By Natsu Hyuuga and Touko Shino. Released in Japan as “Kusuriya no Hitorigoto” by Hero Bunko. Released in North America by J-Novel Club. Translated by Kevin Steinbach.

I’ve been waiting for this one for a long time (this first novel came out in Japan in 2014), and it would have taken a major misstep for me not to be delighted by it. Spoiler: there was no major misstep. Now admittedly, I can see that it’s not a book for everyone. If your ideal of a fun light novel is along the lines of Sword Art Online or Haruhi Suzumiya, this is not going to be for you. I almost added A certain Magical Index to the list, but I’ll be honest: if you read Index for the political infighting (there must be some who do), this is your sort of book. It will also appeal to fans of Ascendance of a Bookworm, Accomplishments of the Duke’s Daughter and other series heavy on worldbuilding. But most importantly, this will appeal to fans of the classic mystery. Maomao is a reluctant forensic detective, but that is what she is called on to be here, and she excels.
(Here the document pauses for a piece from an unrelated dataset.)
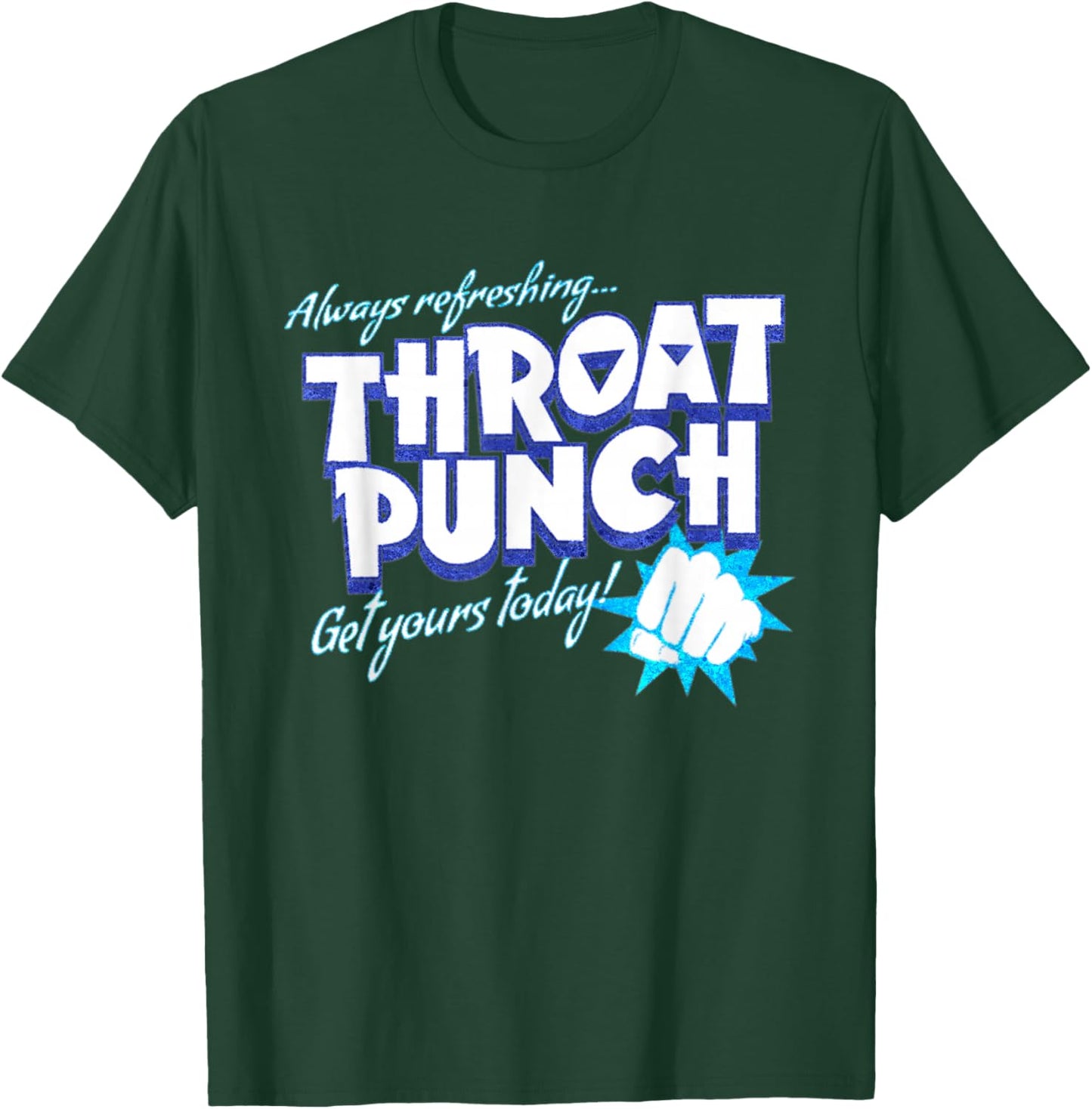 Distressed Refreshing Throat Punch Blue T-Shirt - T-Shirt | Forest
The story opens in the Emperor’s vast royal palace, with our heroine, Maomao, already working there. She was kidnapped while in the woods one day and sold to the palace by “merchants”. For the most part, she does laundry and tries to keep a low profile… till she notices that two of the Emperor’s consorts, and their children, have taken ill with what Maomao (and the reader) can clearly see is mercury poisoning. She tries to subtly convey this, but is discovered by Jinshi, a eunuch who works for the Emperor, and is promoted to be poison tester for the consort whose life she saved. As the book goes on, Maomao finds herself getting involved with more poisonings, assassination attempts, and even standard bullying. The reader, meanwhile, discovers that Maomao is far from the stock shoujo light novel heroine… and even the stoic ones aren’t quite as odd as she is.
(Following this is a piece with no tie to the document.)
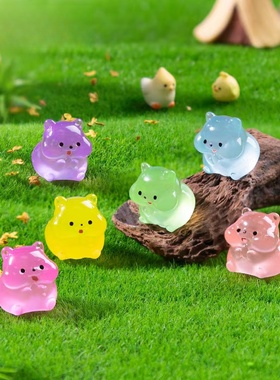 可爱夜光胖胖小仓鼠微景观小摆件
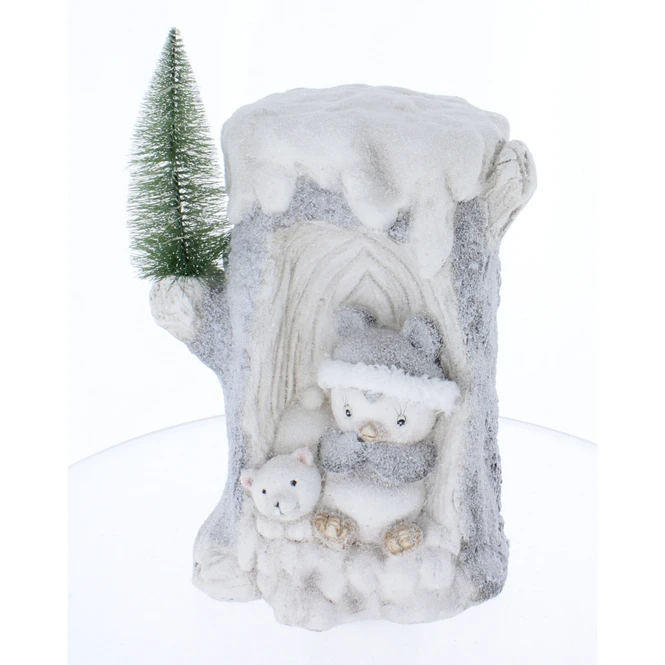 Pinguin In Baumstamm Mit LED - Ca. 26 X 20 X 38 Cm 1 Pinguin In Baumstamm Mit LED - Ca. 26 X 20 X 38 Cm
As you might guess, Maomao is the number one reason to read this. Her matter-of-fact dialogue and banter with Jinshi is beautiful (the translation shines throughout), and you can see exactly why Jinshi grows so attached to her so fast – she sees through his pretty face for the manipulator he really is, and looks at him “like a worm” – something that I’d say would turn him on if he weren’t a eunuch. (That said, I will not be too surprised if he has a secret to hide about that.) Maomao’s detective work is excellent, both when she’s in her wheelhouse of poisons and also when she’s having to guess motive and opportunity. And, well, she’s weird – curiosity always wins out for her, even when it comes to potentially lethal drugs or foods. I also liked the consorts and the wars between them, from the far too young girl who is passively bullied by her attendants, to the older one with a past to hide, to the sexy one who is on the outs with the Emperor till Maomao gives a very obvious – and hilarious – implied suggestion – as well as Maomao’s own savvy mistress.

The book ends in such a way that it could have been a one-shot, but there are nine volumes to date in Japan, and it has a manga that is being published here by Square Enix. Very much driven by the mysteries and its heroine, I found I was unable to put this book down. Bring on the second volume.